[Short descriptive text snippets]
=======

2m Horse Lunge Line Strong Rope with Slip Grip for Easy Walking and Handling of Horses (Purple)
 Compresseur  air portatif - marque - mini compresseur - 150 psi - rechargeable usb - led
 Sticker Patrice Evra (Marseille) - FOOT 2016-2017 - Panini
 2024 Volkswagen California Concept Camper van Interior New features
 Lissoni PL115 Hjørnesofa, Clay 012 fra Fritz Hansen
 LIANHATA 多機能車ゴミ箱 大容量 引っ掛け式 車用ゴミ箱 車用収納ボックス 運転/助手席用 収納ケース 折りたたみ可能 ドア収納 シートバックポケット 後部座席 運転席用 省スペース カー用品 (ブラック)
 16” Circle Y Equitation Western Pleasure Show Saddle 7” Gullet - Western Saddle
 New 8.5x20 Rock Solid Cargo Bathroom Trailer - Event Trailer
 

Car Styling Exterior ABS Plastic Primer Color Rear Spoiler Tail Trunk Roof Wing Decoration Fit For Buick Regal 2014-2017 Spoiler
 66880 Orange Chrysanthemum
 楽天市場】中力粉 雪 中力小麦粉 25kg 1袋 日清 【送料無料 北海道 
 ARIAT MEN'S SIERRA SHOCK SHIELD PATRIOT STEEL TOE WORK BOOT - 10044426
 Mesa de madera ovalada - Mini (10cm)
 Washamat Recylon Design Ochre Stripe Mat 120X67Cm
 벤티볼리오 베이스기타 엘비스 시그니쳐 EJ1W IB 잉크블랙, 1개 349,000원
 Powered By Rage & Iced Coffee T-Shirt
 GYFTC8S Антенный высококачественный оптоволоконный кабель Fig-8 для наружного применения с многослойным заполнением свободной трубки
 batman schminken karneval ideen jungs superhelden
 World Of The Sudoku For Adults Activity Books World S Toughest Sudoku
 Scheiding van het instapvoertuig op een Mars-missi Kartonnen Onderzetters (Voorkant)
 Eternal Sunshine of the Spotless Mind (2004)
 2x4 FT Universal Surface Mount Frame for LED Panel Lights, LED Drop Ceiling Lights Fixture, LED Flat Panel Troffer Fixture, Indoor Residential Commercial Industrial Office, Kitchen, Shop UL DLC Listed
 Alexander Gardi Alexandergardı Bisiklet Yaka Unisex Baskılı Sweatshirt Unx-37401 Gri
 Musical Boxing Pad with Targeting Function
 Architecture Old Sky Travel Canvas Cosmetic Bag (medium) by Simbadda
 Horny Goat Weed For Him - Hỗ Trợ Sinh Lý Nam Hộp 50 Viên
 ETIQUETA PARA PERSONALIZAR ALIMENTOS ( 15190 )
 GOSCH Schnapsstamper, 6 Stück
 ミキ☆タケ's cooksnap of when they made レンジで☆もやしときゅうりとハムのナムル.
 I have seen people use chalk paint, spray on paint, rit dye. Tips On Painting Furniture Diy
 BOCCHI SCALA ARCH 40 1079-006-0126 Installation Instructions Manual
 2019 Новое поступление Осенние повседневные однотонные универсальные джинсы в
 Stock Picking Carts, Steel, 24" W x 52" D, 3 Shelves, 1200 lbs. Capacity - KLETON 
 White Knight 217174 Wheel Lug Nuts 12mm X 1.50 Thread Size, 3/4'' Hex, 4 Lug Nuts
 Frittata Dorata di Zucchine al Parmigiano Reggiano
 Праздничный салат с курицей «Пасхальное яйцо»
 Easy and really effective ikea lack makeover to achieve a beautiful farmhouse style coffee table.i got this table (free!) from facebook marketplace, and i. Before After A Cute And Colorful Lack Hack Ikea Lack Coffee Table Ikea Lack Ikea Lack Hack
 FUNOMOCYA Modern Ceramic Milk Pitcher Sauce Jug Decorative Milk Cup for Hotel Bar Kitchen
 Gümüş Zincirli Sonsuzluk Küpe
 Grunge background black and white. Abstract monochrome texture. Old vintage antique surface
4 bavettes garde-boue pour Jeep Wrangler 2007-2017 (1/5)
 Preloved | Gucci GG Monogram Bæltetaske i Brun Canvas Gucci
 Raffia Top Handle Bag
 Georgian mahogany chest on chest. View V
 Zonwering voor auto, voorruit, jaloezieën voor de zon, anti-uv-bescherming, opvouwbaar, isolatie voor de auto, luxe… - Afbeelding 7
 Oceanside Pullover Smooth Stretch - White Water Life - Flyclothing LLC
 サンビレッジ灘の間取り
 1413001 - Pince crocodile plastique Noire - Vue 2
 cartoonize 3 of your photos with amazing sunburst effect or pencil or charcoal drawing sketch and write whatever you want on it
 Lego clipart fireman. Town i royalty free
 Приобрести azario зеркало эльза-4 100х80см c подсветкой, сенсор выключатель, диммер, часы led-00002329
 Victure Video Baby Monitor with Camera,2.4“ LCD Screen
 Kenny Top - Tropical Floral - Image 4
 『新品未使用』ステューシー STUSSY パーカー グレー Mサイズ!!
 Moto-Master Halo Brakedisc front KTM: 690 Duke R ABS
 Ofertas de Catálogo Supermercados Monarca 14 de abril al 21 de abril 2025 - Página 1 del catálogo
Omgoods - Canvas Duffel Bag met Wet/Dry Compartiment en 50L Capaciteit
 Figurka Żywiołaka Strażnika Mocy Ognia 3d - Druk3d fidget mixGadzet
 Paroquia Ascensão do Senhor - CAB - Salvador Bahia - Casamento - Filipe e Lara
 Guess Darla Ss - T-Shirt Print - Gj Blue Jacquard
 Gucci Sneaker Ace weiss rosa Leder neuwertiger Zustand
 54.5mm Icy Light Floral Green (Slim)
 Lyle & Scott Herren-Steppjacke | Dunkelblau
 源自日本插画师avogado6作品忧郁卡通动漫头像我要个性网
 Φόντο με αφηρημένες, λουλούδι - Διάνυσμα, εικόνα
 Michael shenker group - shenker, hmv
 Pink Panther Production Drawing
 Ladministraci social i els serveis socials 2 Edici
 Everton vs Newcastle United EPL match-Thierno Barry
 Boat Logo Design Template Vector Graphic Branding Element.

=======

• [TASK PROMPT]:
Please copy, exactly and with nothing else, the lines above beginning at the line that has "54.5mm Icy Light Floral Green (Slim)" and ending with the line that has "Everton vs Newcastle".

• [ANSWER TO THIS TASK]:
 54.5mm Icy Light Floral Green (Slim)
 Lyle & Scott Herren-Steppjacke | Dunkelblau
 源自日本插画师avogado6作品忧郁卡通动漫头像我要个性网
 Φόντο με αφηρημένες, λουλούδι - Διάνυσμα, εικόνα
 Michael shenker group - shenker, hmv
 Pink Panther Production Drawing
 Ladministraci social i els serveis socials 2 Edici
 Everton vs Newcastle United EPL match-Thierno Barry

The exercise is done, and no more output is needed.